Viking-Christening (8:45 a.m. EDT) -- If there were an award given to the cruise line with the most logistically complicated christening ceremony, Viking River, currently on an unprecedented river ship building boom, might get the nod.

Building on the back of last year's ambitious successful attempt to name eight ships in one day -– indeed, a world record -– this time around the cruise line upped the ante. In a 24-hour period, spanning three countries, Viking named 16 identical, 190-passenger Longship-style river boats, shattering its own one-year record.

A Guinness World Records' staffer presented Torstein Hagen, Viking's founder and chairman, with an official certificate commemorating the achievement.

The central christening event took place on Tuesday in Avignon, France. Some 330 guests sprawled across the sundecks on Viking Buri, Heimdal and Hermod, all tied up together on the Rhone River. As well, a live video feed from Rostock, Germany -- location of Neptun Werft shipyard, which is building all the ships in the Longship class -- chronicled Champagne-smashing ceremonies on four more new boats. And on Monday, in Amsterdam, an additional seven Longships were christened.

If you're keeping count, two more will be named in Porto, on Portugal's Duoro River, later this week. These don't quality for the Guinness Record. At that point, all 18 of the Longships slated for debut in 2014 will have been named.

Torstein-Hagen Since the introduction of the revolutionary Longships design in 2012, Viking River now has 30 of these 190-passenger vessels cruising on European rivers such as the Danube, Rhine, Rhone, Seine, Moselle, Gironde, Duoro, and others.
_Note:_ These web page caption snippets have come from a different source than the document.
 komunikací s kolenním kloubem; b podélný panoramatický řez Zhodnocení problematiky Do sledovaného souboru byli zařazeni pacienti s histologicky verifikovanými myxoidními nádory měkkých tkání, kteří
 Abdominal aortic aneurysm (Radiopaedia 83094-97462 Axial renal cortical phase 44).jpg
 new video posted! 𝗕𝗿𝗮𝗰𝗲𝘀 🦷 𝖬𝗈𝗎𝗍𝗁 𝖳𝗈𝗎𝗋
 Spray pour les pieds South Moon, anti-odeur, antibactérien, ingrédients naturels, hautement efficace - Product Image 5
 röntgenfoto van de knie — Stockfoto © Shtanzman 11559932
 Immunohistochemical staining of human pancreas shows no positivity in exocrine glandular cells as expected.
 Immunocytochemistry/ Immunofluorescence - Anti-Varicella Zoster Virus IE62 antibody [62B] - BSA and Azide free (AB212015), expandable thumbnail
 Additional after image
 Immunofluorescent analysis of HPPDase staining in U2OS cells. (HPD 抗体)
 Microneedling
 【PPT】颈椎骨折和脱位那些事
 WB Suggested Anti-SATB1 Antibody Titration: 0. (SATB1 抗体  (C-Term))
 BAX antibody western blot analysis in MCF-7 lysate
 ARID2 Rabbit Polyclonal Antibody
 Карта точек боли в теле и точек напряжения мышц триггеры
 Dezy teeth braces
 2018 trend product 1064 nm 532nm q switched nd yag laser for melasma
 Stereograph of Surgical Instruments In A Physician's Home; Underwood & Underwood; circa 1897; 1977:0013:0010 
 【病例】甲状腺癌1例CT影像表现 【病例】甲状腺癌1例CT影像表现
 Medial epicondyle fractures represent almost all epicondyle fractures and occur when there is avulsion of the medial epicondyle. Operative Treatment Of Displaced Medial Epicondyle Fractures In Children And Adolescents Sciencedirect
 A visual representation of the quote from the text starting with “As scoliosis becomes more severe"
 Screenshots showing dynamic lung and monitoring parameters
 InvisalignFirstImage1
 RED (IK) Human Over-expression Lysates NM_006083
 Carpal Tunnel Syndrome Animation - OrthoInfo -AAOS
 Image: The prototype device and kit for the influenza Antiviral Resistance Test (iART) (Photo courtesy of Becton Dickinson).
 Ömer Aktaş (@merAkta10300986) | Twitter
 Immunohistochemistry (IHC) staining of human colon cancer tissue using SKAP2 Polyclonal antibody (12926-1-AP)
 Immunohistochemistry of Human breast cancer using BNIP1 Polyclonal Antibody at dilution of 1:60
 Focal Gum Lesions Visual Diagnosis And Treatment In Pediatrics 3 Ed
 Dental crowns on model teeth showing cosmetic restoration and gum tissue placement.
What makes these ships, which Cruise Critic named as the best new design in the river market in 2012, unique are features such as the indoor/outdoor Aquavit Terrace and grill, environmentally friendly features such as solar panels, energy-efficient hybrid engines and organic herb gardens on sundecks.

Viking is also adapting the Longships' design to accommodate restrictions on size and capacity in rivers such as the Elbe and Porto; the two new vessels being named in Porto on Friday carry just 106 passengers, for example. Ultimately, Viking River plans to introduce more than 50 Longship-style vessels.

Each of the 18 ships named this week have godmothers, of course. Among the higher profile choices were legendary TV baker Mary Berry, star of the Great British Bakeoff (Viking Alsvin); Susi Barrie (Viking Heimdal), best known from BBC1's Saturday Kitchen; Mireille Mathieu, ( Viking Buri), one of France's most celebrated singers; and Anne Willan (Viking Hermod), founder of Paris' E?cole de Cuisine La Varenne and author of the memoir One Souffle at a Time: A Memoir with Recipes.